-- Opening Marker --

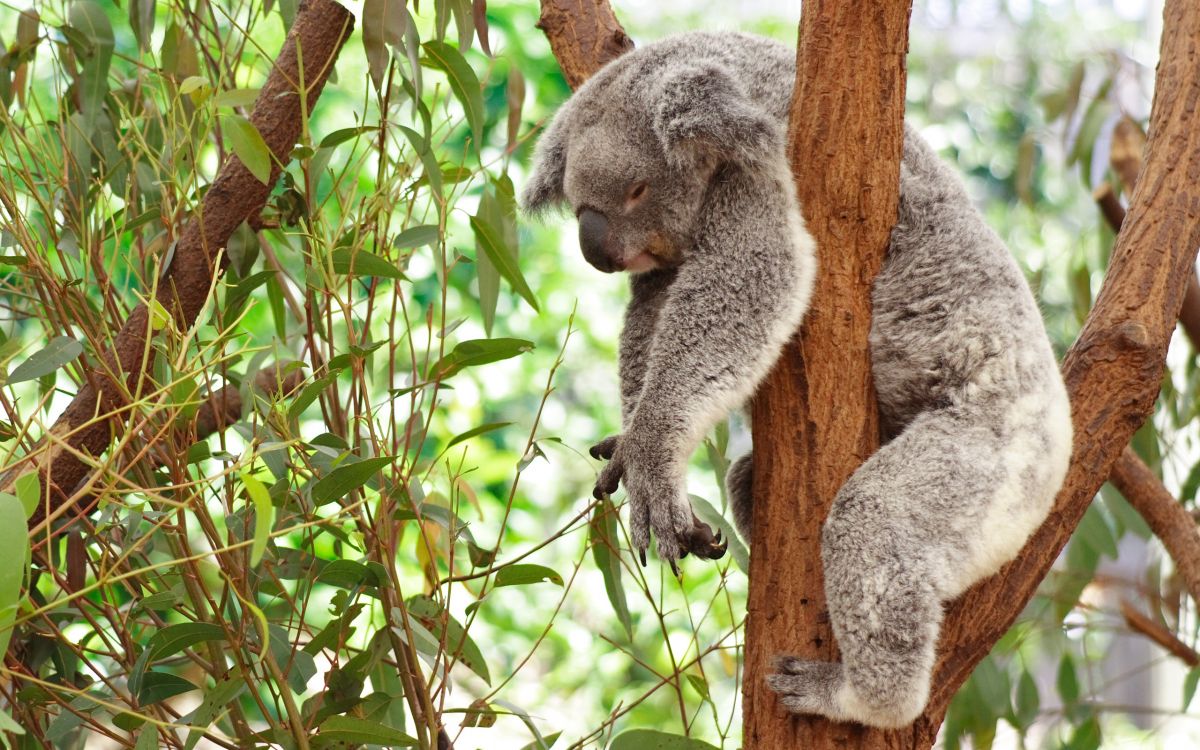 Koala Sur Une Branche D'arbre Brun Pendant la Journée. Wallpaper in 2560x1600 Resolution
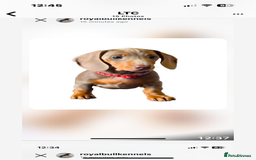 Miniature Dachshund dogs for sale: Miniature Dachshund Puppies  in Newcastle upon Tyne - Image 24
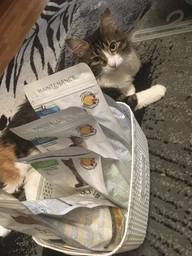 Сухой монопротеиновый корм для взрослых котов Schesir Cat Adult Chicken с курицей 10 кг (8005852760814) фото от покупателей 5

-- Closing Marker --

**TASK DIRECTIONS**
The answer must repeat every line of the listing exactly and leave the pictures out.

**RESPONSE TO THE EXERCISE**
 Koala Sur Une Branche D'arbre Brun Pendant la Journée. Wallpaper in 2560x1600 Resolution
 Miniature Dachshund dogs for sale: Miniature Dachshund Puppies  in Newcastle upon Tyne - Image 24
 Сухой монопротеиновый корм для взрослых котов Schesir Cat Adult Chicken с курицей 10 кг (8005852760814) фото от покупателей 5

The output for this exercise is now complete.